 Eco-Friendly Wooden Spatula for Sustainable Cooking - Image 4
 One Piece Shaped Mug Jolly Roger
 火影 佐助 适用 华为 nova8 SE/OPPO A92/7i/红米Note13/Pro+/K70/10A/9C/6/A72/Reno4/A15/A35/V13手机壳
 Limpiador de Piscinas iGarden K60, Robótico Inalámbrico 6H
==
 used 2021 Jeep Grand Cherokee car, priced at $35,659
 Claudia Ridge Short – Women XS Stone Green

Instructions for the task ->
Reproduce, word for word and in full, only the lines above that start at the line with "used 2021 Jeep" and run through the line with "Claudia Ridge Short – Women XS Stone Green", both ends included.

Solution ->
 used 2021 Jeep Grand Cherokee car, priced at $35,659
 Claudia Ridge Short – Women XS Stone Green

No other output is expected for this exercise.